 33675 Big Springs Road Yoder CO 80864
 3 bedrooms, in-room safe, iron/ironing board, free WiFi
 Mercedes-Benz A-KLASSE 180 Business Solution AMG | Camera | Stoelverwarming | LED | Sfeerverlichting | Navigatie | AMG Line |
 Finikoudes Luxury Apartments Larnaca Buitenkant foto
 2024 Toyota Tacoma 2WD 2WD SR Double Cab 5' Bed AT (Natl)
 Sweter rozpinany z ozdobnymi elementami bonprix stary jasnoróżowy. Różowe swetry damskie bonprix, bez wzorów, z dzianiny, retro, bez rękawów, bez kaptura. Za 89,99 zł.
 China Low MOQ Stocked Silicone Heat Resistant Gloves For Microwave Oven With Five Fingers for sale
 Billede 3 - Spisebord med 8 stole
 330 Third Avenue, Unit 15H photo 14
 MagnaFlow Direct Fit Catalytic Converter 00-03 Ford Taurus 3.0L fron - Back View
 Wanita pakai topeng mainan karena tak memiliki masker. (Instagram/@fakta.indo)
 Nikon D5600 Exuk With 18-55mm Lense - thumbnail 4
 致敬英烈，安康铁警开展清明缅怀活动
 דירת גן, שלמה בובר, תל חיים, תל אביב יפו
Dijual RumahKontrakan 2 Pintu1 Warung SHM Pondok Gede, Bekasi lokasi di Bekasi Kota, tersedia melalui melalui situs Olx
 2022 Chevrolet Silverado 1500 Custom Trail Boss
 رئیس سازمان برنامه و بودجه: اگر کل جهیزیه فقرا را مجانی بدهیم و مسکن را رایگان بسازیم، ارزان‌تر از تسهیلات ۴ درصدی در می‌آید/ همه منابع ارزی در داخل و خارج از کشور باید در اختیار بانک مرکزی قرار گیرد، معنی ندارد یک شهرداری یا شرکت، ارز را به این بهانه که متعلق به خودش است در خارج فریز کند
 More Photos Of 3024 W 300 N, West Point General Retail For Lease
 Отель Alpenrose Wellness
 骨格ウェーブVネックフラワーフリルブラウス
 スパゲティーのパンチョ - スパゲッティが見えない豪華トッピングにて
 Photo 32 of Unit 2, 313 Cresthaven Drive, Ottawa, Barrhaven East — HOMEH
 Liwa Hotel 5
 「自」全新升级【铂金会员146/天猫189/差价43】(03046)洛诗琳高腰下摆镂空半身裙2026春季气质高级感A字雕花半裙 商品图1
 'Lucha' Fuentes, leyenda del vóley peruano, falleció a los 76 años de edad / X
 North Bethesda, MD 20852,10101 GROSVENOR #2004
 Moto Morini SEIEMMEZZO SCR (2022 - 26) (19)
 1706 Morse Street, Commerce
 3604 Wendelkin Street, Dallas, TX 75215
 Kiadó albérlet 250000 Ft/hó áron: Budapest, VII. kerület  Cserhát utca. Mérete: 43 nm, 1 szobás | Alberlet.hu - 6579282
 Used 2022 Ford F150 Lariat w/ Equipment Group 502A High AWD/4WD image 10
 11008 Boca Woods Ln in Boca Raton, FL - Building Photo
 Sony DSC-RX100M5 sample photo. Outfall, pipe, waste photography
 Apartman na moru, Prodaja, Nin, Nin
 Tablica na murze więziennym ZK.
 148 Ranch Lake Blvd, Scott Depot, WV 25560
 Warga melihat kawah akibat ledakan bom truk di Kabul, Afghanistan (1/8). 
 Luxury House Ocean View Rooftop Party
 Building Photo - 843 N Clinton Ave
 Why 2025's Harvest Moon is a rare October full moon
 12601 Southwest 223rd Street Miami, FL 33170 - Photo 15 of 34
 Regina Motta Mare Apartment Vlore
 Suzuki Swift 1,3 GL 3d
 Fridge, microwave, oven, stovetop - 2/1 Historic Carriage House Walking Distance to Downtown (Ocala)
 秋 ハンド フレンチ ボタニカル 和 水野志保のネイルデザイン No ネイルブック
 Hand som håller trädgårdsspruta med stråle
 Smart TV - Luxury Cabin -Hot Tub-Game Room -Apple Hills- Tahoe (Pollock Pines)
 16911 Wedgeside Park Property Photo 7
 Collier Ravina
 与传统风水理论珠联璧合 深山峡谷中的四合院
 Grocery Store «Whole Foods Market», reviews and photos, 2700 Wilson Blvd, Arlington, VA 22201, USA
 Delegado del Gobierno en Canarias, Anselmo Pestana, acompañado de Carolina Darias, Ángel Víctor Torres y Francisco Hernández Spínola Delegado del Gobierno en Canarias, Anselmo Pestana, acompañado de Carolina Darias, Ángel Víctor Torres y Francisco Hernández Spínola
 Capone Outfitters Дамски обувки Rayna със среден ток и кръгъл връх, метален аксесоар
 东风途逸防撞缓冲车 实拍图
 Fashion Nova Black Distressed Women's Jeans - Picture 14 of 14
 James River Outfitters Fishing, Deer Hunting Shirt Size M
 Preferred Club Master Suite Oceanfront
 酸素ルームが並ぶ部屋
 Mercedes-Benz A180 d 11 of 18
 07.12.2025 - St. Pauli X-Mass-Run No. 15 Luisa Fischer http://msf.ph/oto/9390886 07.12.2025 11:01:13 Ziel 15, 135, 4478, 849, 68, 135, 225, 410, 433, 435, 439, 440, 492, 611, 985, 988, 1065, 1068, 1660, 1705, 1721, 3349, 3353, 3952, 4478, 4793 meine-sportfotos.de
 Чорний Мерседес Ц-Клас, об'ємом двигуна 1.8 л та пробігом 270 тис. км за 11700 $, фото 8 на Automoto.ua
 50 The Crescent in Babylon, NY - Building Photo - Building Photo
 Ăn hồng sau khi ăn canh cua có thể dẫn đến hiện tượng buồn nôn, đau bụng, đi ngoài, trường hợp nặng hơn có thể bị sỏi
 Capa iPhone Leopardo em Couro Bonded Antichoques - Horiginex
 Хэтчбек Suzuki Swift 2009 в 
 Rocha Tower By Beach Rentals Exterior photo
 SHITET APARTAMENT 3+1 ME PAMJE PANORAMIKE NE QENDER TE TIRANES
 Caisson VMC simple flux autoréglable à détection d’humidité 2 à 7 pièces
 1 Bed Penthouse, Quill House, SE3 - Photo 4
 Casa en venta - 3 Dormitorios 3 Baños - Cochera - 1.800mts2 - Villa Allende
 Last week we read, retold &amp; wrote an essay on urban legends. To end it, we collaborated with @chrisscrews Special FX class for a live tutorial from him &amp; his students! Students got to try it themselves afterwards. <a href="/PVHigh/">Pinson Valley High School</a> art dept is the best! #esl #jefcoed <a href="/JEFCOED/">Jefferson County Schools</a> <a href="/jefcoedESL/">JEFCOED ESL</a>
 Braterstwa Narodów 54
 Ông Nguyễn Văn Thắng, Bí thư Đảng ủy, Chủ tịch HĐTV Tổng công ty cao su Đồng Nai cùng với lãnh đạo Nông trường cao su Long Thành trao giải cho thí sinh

- - - - -

» WORK ITEM
Please find the lines in the data that contain the word "Unit" and copy them.

» YOUR SOLUTION
 330 Third Avenue, Unit 15H photo 14
 Photo 32 of Unit 2, 313 Cresthaven Drive, Ottawa, Barrhaven East — HOMEH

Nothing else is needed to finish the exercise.